Scottish Premier League Preview

by Joel Sked

The 20110/2011 Scottish Premier League season will be remembered north of the border for years to come. After all who is able to forget weather playing havoc with the season’s calendar, referees going on strike all the while chairmen of the 12 clubs and the games leaders bickered and disagreed over the set-up of Scottish football?

Then there was the bomb and death threats towards Neil Lennon compounded when he came under attack in his technical area at Tynecastle as a Heart of Midlothian ‘fan’ evaded police and stewards! Yes, if you have not batted an eye-lid towards Scottish football over the last year or have been living it up under a rock you have read correctly, bomb threats and a manager coming under attack.

However if we move on to the field 2010/2011 is, erm, easily forgettable. The Old Firm occupy the top two positions? Check. The ‘other’ 10 do their ‘thing’. Check. Who would have ever thought?

So what does 2011/2012 have in store for us? More of the same? Yes and no.
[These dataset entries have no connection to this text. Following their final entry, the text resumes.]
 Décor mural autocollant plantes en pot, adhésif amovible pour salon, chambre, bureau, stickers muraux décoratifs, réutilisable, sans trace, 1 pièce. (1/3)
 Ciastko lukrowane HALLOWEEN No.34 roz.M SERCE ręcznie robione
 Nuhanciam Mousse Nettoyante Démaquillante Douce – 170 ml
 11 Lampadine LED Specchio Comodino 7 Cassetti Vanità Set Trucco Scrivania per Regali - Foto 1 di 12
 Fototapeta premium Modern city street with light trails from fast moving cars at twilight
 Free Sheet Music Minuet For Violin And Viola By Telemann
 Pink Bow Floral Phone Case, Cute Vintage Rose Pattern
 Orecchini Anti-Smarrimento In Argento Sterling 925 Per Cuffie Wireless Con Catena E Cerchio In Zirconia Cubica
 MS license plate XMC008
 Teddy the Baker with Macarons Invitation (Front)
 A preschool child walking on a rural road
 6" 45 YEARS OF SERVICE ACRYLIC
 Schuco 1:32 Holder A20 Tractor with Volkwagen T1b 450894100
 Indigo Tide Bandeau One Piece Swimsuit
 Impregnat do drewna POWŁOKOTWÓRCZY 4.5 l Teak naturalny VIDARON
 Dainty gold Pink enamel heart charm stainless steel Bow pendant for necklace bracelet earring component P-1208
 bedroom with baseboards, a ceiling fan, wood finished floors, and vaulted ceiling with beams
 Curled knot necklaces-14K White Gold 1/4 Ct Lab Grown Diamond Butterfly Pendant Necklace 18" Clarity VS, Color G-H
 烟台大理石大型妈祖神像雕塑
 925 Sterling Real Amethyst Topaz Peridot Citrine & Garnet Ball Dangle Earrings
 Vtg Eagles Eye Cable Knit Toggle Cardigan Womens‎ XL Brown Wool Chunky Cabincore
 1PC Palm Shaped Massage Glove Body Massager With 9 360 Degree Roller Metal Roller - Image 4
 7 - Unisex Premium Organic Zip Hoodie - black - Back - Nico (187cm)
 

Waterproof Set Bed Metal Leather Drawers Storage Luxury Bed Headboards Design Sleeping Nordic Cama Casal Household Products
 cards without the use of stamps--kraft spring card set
Already off-field issues have plagued the start of the season as Heart of Midlothian and their defender – or is that Ukio Bankas defender? – Craig Thomson have became a prominent feature on the front pages and in news bulletins online and on television. Again if you have only just emerged from that rock (it must be comfy) then you won’t have known that Thomson was put on the sex offenders register and fined £4000 after pleading guilty to indecent behaviour.

Only after pressure from fans, sponsors and other forces did the club renege on their decision and announce he wouldn’t play for the club again; even after the infamous statement posted on the official site where owner Vladimir Romanov attacked the Scottish football ‘mafia’ and Hearts legend, now agent, Gary MacKay.

As that issue appears to be solved focus can be shifted to the kick-off of the new SPL season this Saturday and football. As in football that is played on a field, 11 guys versus 11 guys – just in case anyone had forgotten.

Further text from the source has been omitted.